- Shahyeri / Sarinshen
- Coordinates: 39°30′31″N 46°59′00″E﻿ / ﻿39.50861°N 46.98333°E
- Country: Azerbaijan
- District: Khojavend

Population (2015)
- • Total: 15
- Time zone: UTC+4 (AZT)

= Şahyeri =

Shahyeri (Şahyeri) or Sarinshen (Սարինշեն) is a village in the Khojavend District of Azerbaijan, in the disputed region of Nagorno-Karabakh. The village had an ethnic Armenian-majority population prior to the 2020 Nagorno-Karabakh war, and also had an Armenian majority in 1989.

== History ==
During the Soviet period, the village was part of the Hadrut District of the Nagorno-Karabakh Autonomous Oblast. After the First Nagorno-Karabakh War, the village was administrated as part of the Hadrut Province of the breakaway Republic of Artsakh. The village came under the control of Azerbaijan during the 2020 Nagorno-Karabakh war.

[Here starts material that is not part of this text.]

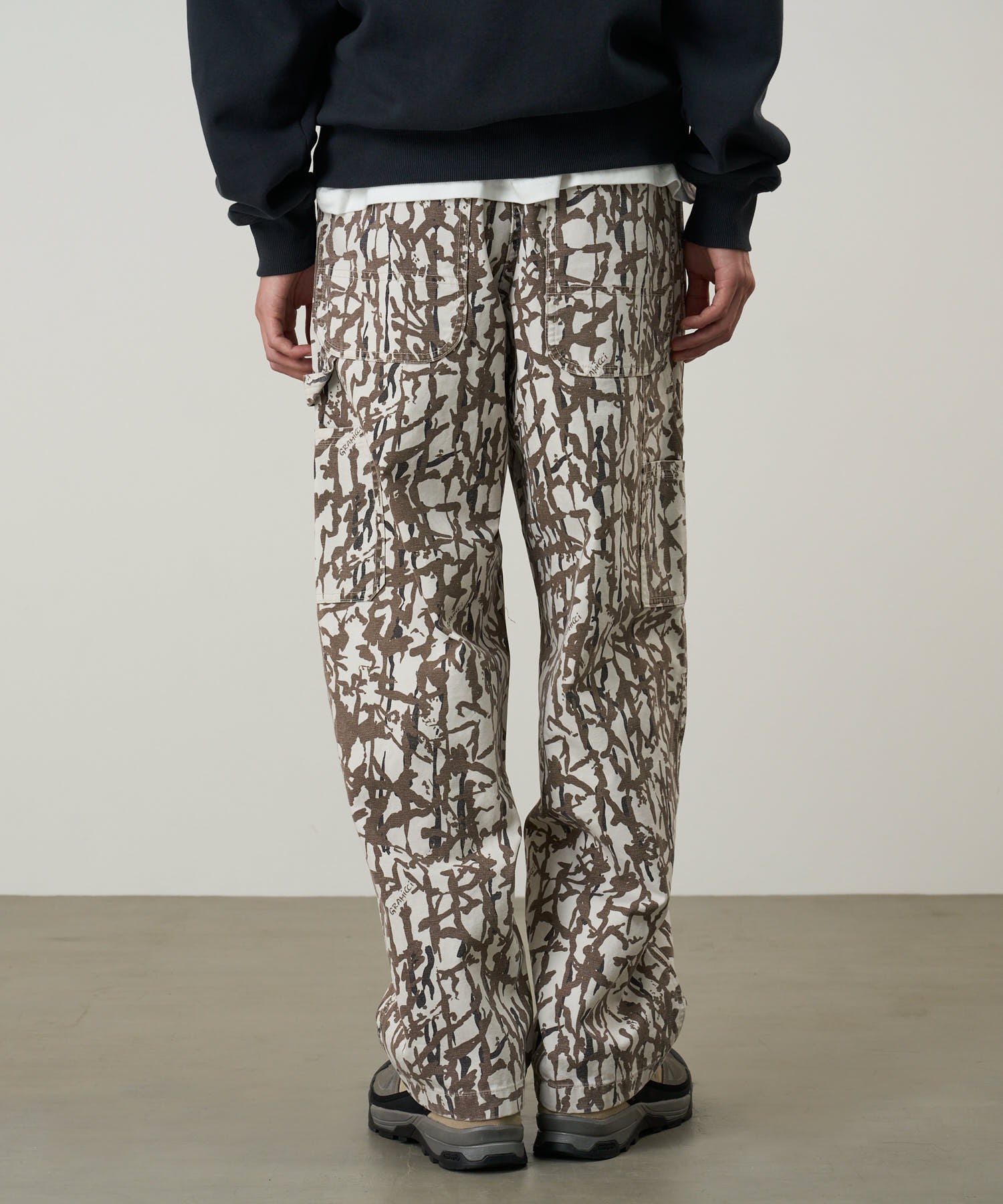 Taos Canvas Pant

== Historical heritage sites ==
Historical heritage sites in and around the village include khachkars, tombstones, the spring monument of Verin (Վերին, lit. 'upper'), and the 19th-century church of Surb Astvatsatsin (Սուրբ Աստվածածին, lit. 'Holy Mother of God').

== Demographics ==
The village had 27 inhabitants in 2005, and 15 inhabitants in 2015.